When the White Boat S/S Kastelholm arrived in Malmö after one night at sea, all the passengers had to be registered, disinfected, and checked for lice. All these procedures were done on the day of arrival, July 26, 1945. The sick children were transferred to Nya Lungkliniken i Malmö. Thereafter, 20 older girls and the mothers with small children were sent together with Hermina, Bonsel, and Ms. Fernandes to Sundsgården close to Helsingborg. Luba and the older girls were transferred to Bjärred (north of Malmö and the older boys from the group were housed in Gåsebäck, also close to Helsingborg. The children who were hospitalized at Nya Lungkliniken were thereafter moved to Welanderhemmet and sister May.

Many of the children in the Kinderheim who came to Sweden were from the city of Piotrków Trybunalski and were deported from the Piotrków Ghetto on December 4th, 1944.

There were actually two types of children in the Kinderheim in Barrack 211: fully parentless and children with mothers. Most of the parentless children left for Eretz Israel already during the summer of 1946, and the last big group of 650 children and youngsters left on January 24th, 1947.
Numerous Holocaust survivors left Sweden on M/S Drottningholm, headed to New York as a final destination.

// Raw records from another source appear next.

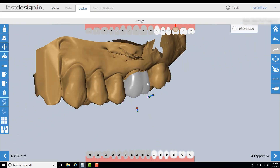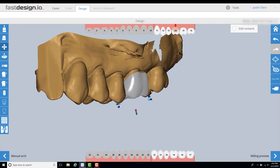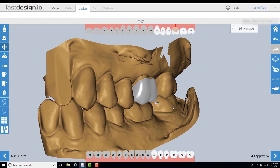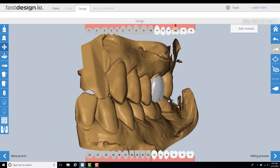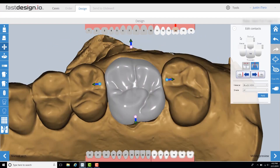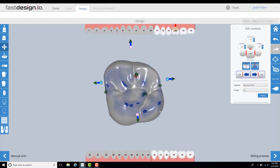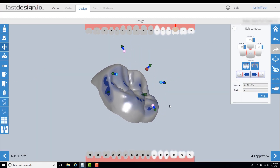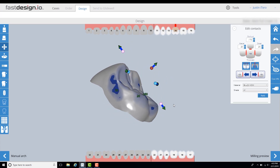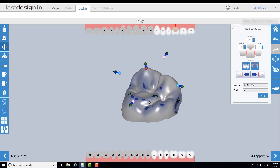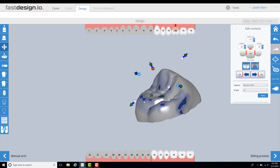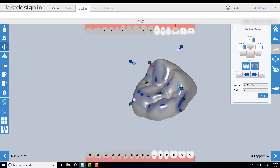Once the margins are set, the software will create a design proposal that is tailored for that restorative space. All aspects of the design — the contours, cusp shape and size, contacts, occlusion, embrasures — they can all be adjusted to meet the specific needs of the patient as seen fit by the clinician.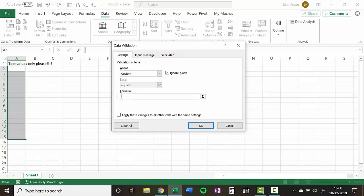Now what we could do is in the formula box, we could use a function called isText. So isText is like a logical function, it returns true or false. True if there is text in the cell, false if there isn't. And essentially, the rule that we set up within the data validation must return true or false. So isText is the perfect function for our scenario.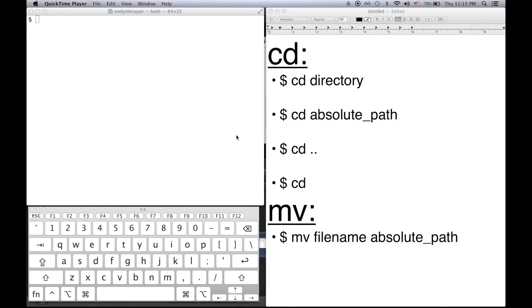Hello everyone. In this video I'll be going over the two bash commands cd and mv. So let's go over cd first.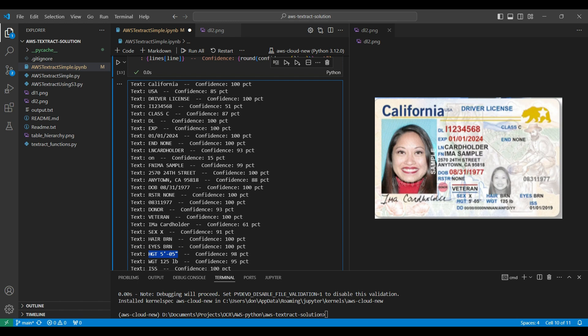All three major online clouds have excellent text extraction services, including an API for including in your own custom code or web page. If you are not using one of these for processing images and documents, now is a good time to get started. Costs are low and results are impressive. AWS Textract extraction fees start at $1.50 per 1,000 pages.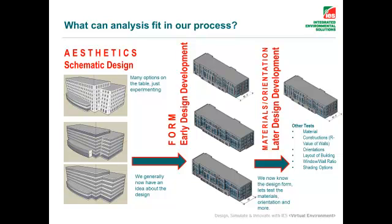So what you see here is a diagram of this process. When we're looking at the aesthetics of the building and possibly the orientation of the site, of the building on the site, we have some general ideas about the design but we may not know the exact layout. And this is the very early schematic stage.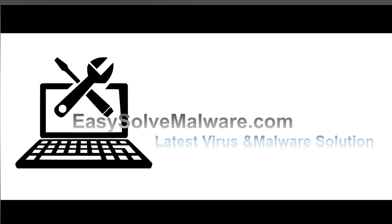That's all. Thank you watching the video from EasySolveMalware.com. We hope it solved your problem.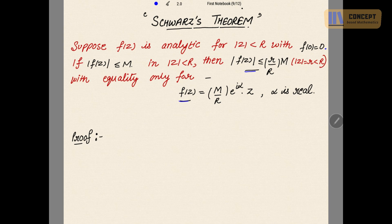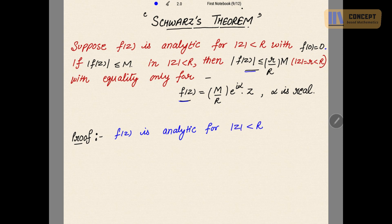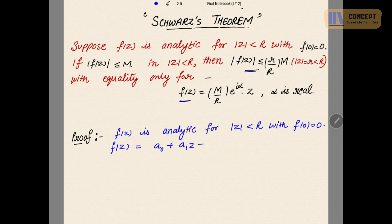So let's start with the proof. It is given that f(z) is analytic for |z| < R. It is also given that f(0) = 0. Now if f(0) = 0, can I find a power series expansion f(z) = a₀ + a₁z + a₂z² + so on?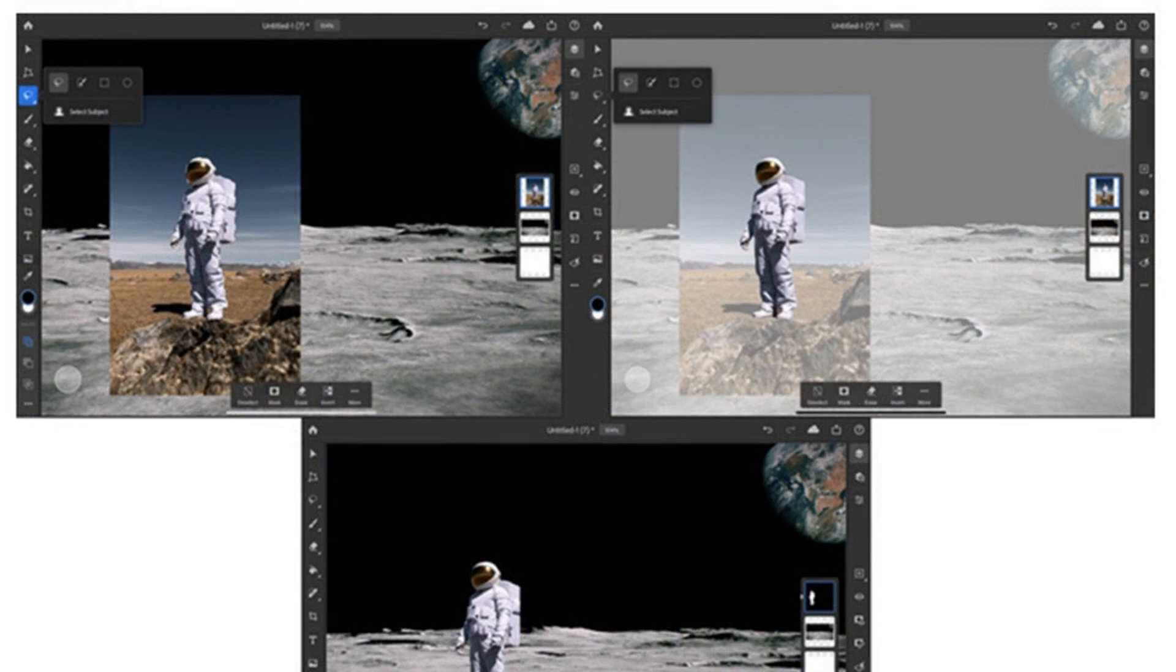Aside from Select Subject, Photoshop for iPad is also getting some UI improvements and speed improvements for its cloud documents.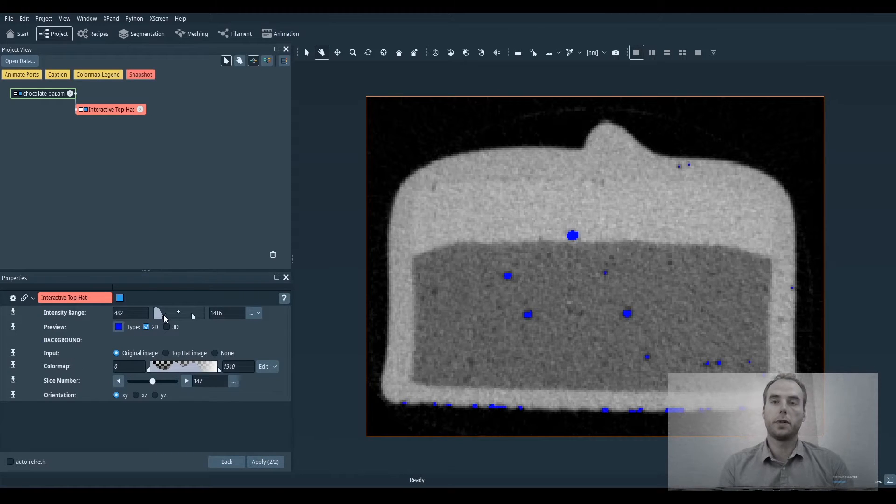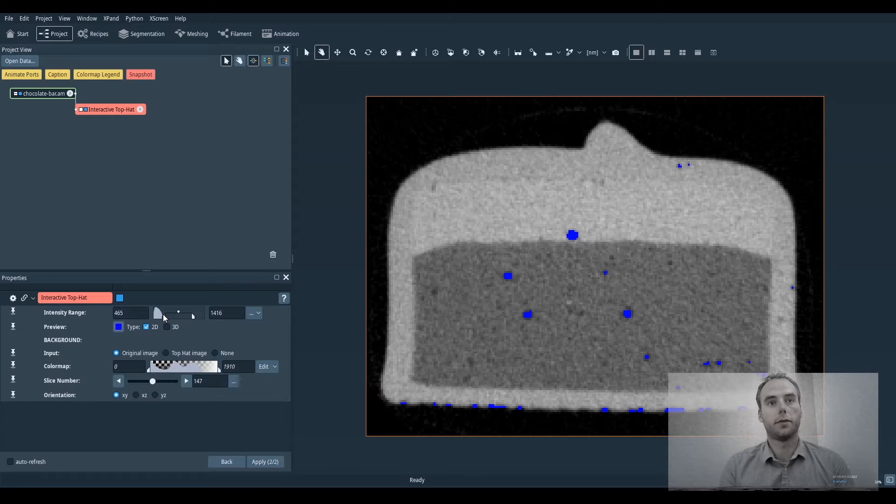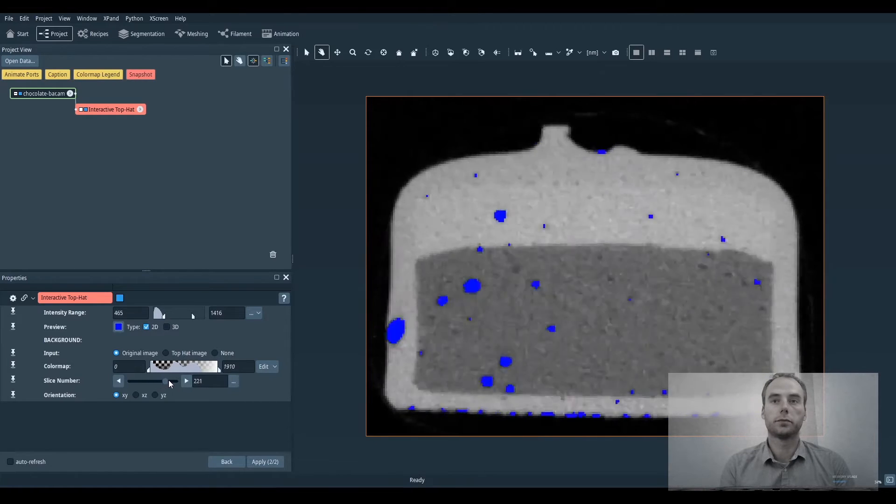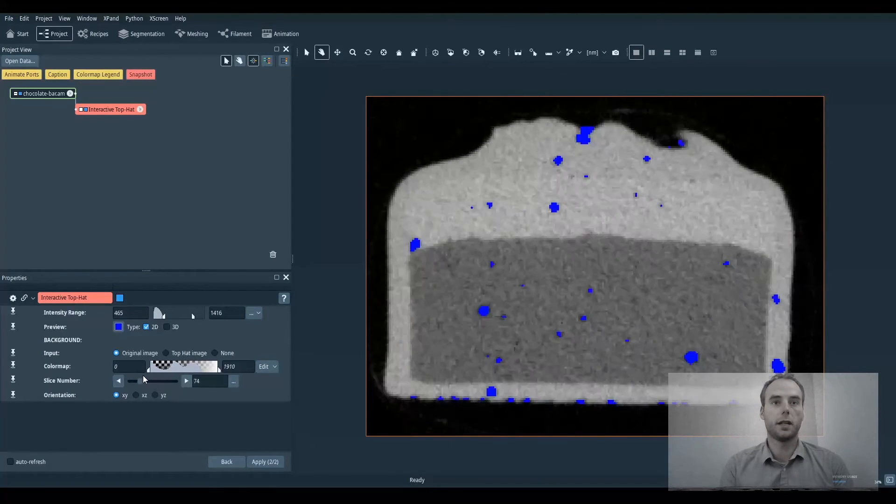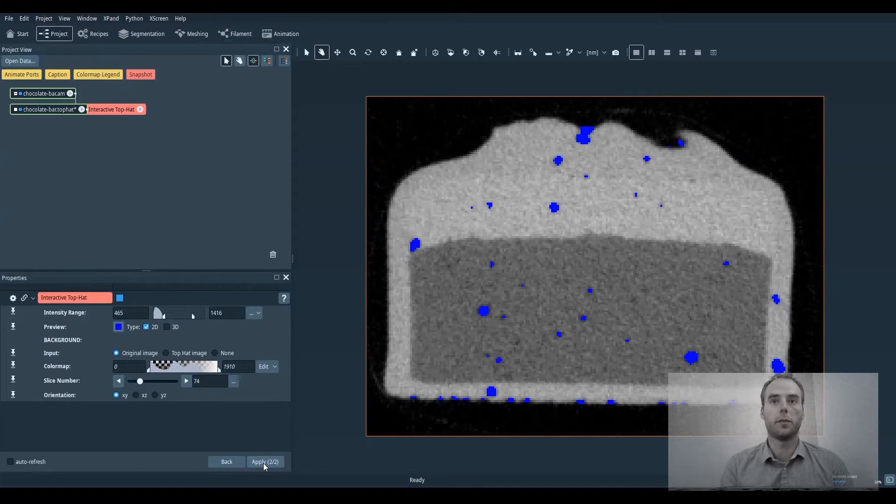Then the second step is to set the threshold of the segmentation. We check on every slice and when we are satisfied we click on apply.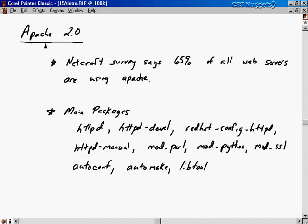Let's start by talking about the Apache Web Server. The latest version of Apache is version 2.0. I recently read on the internet a survey that said that 65% of all the web servers out there are using Apache. Now that's a pretty strong statement, because this is a piece of free software, but it shows just how important Apache has become in the world of the internet.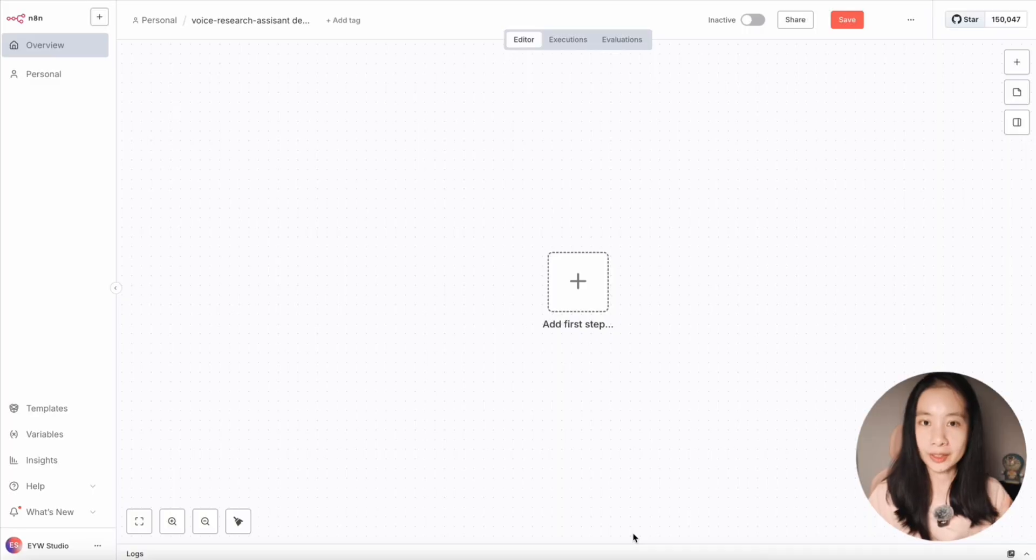The time is finally here. Let's learn how to build an AI voice assistant using N8N. No, you don't need to know how to code. Make sure you watch until the very end, because I'm also sharing a huge mistake I made that wasted me at least 10 hours of time. Okay, let's get started.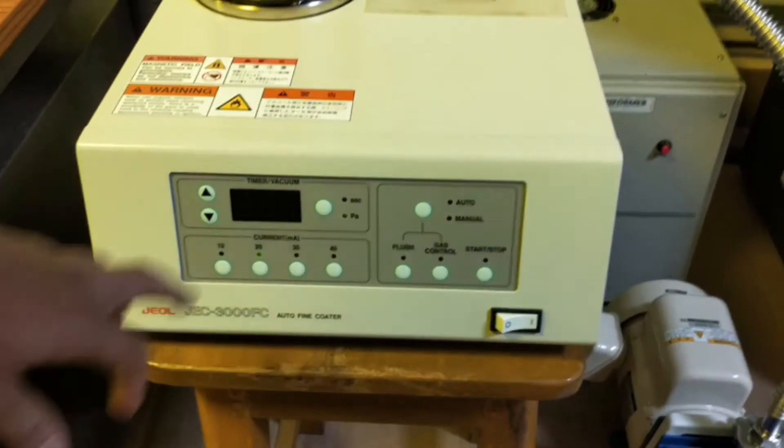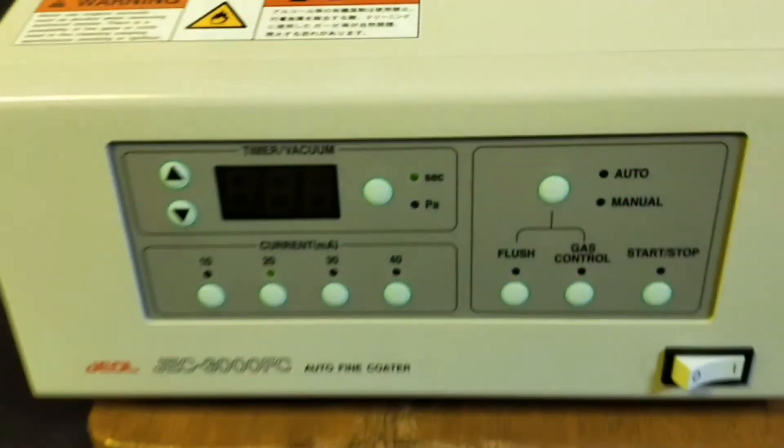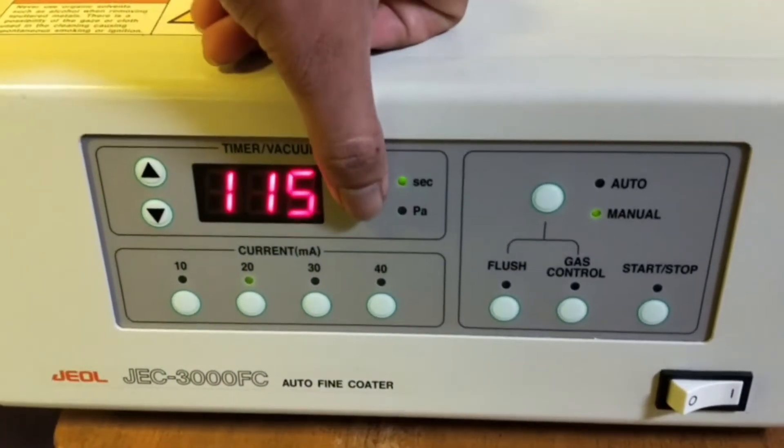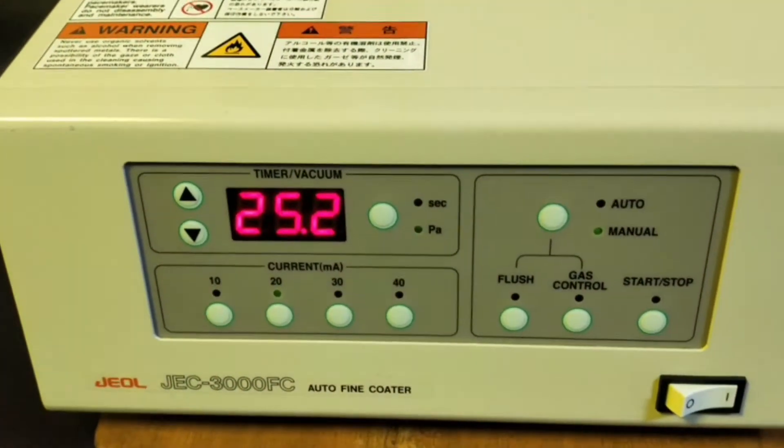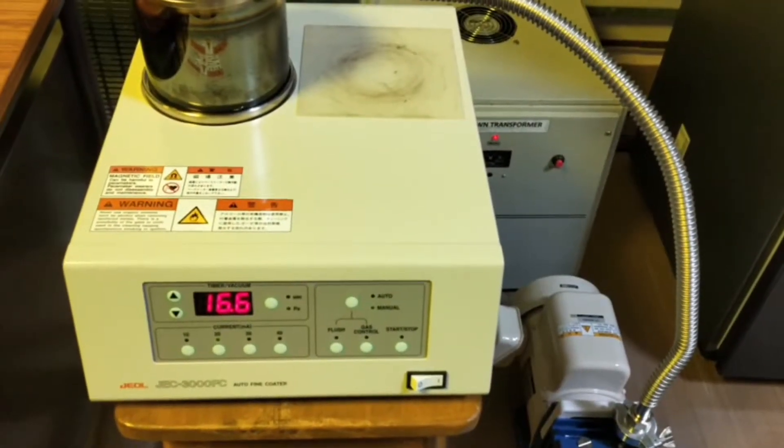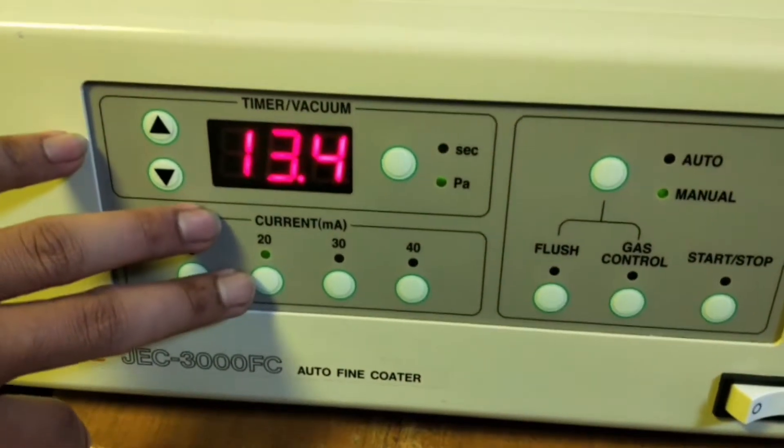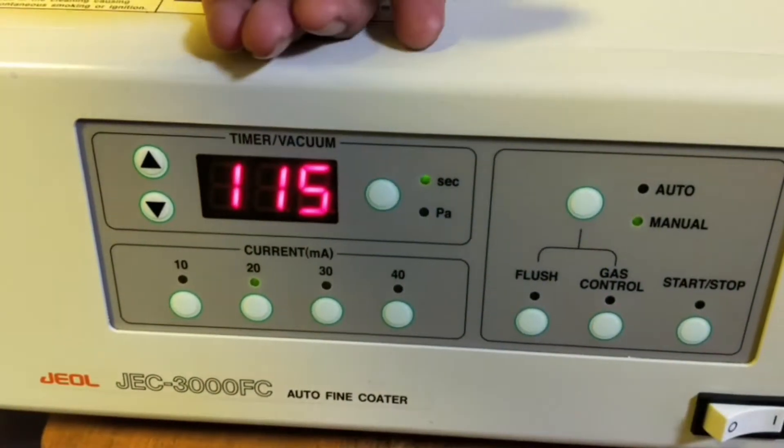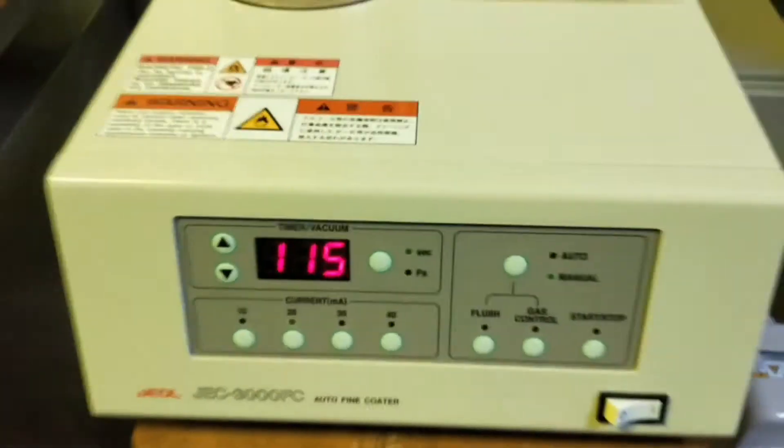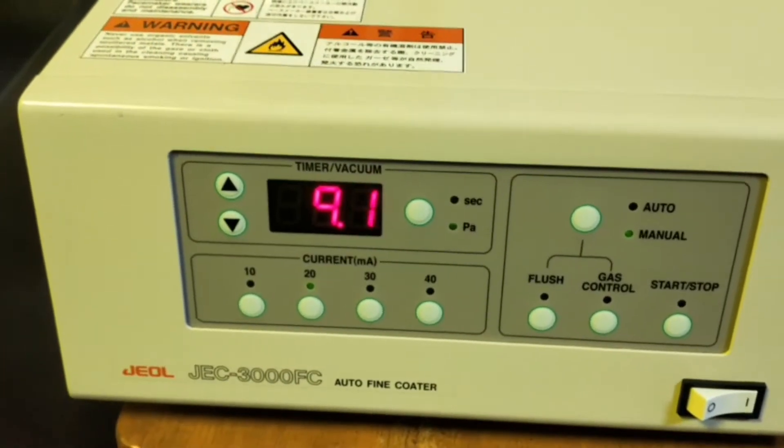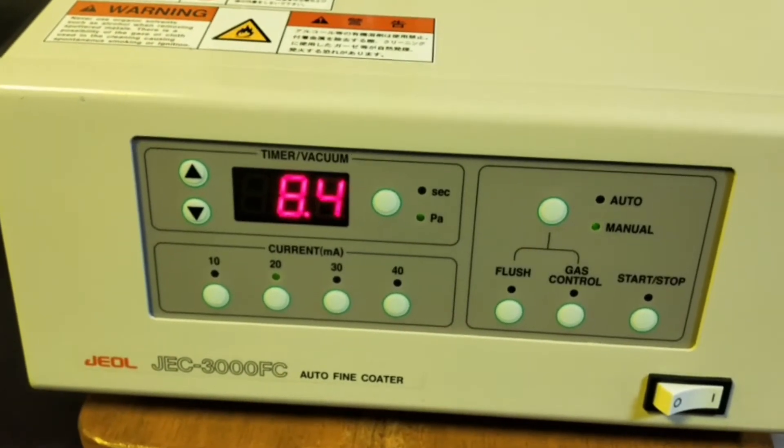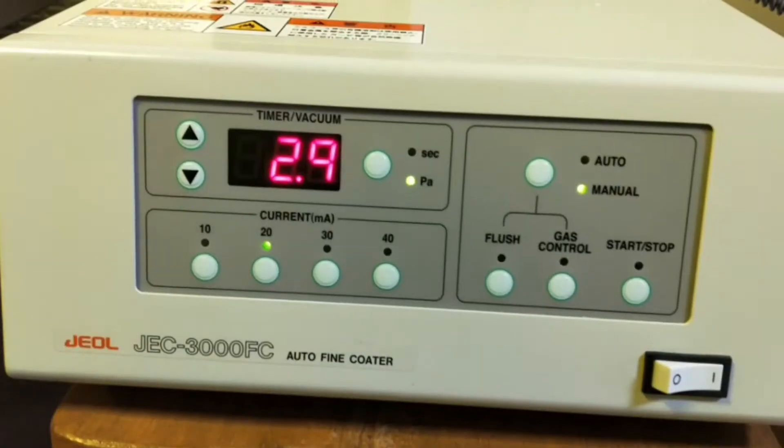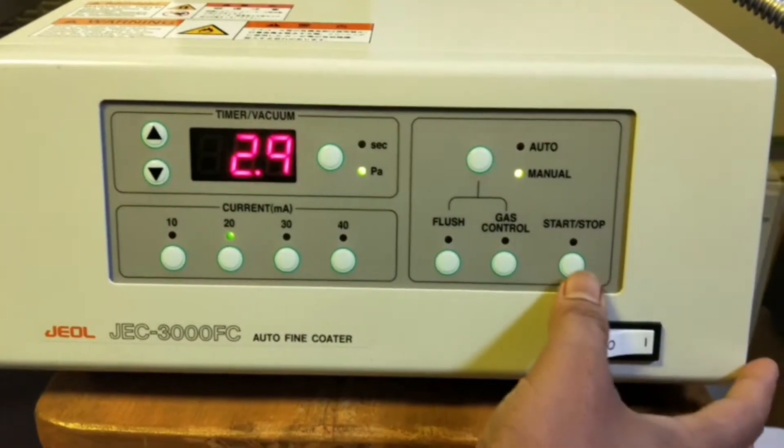There are certain parameters: current, pressure, and time. According to our requirement, the thickness of the deposited platinum, we have to set the time as well as the current. Generally we use 20 mA and the time in seconds we generally use around 90 to 120 seconds. After reaching a certain pressure, that is around 2.9, then we will start the deposition of the platinum on the sample. The pressure has come to 2.9, so we can start the deposition of platinum on the sample now.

* Translation from the Swedish Police report concerning Rysia Rywka Szwarc.
ESKILSTUNA POLICE
CRIMINAL DIVISION
REPORT
Monday, June 7, 1948.
Re: Residence permit.
Following the submission of an application for a residence permit to the State Aliens Commission by Polish citizen Rysia-Mariem Szwaro, she was interviewed at the local aliens department on June 4, 1948, and stated the following regarding the matter:
She was born on January 26, 1932, in Piotrków Trybunalski, Poland, the legitimate daughter of metalworker Szyja Szwaro and his wife Rucha, née Bendermacher, both of whom currently reside at Rademachergatan 20, Eskilstuna. She is unmarried, unemployed, and is registered and living at Rademachergatan 18 in Eskilstuna.
She was raised and lived in the parental home in Piotrków, Poland, until the age of eight, during which time she completed one year of primary school in Piotrków. In 1939, during the hostilities between Germany and Poland, German troops marched into Poland and occupied it. Consequently, along with her parents and due to their Jewish descent, she was placed by German troops in an internment camp in Piotrków, Poland. She remained in this internment camp until 1944, when she and her mother were taken to a similar internment camp in Ravensbrück, Germany, while her father was taken to a similar camp in Bergen-Belsen, Germany, where they were imprisoned until the end of World War II in the spring of 1945. Upon liberation, she accompanied her mother to Sweden, arriving on July 26, 1945, while her father arrived in the kingdom in 1946. Since November 20, 1947, she has been living at Rademachergatan 20 in Eskilstuna. Because she had only completed one year of primary school in Poland, she attended the 6th grade at Fristadsskolan primary school in 1947, but left after only a few months, as she could not sufficiently benefit from the instruction due to language difficulties. During her stay in Sweden, she has not held any employment, as during her time in the internment camps in Poland and Germany, she contracted tuberculosis as a result of malnutrition, from which she is now fully recovered.
She has not been punished or prosecuted for any crime or offense. Nor has she been affiliated with any political party or engaged in political matters. She has not been subject to expulsion or deportation from any country.
The case did not appear in the publication "Utlänningsmeddelande" (Aliens Notification) nor in the registers kept here of persons punished for crimes and offenses, and nothing unfavorable is known about her at this local aliens department.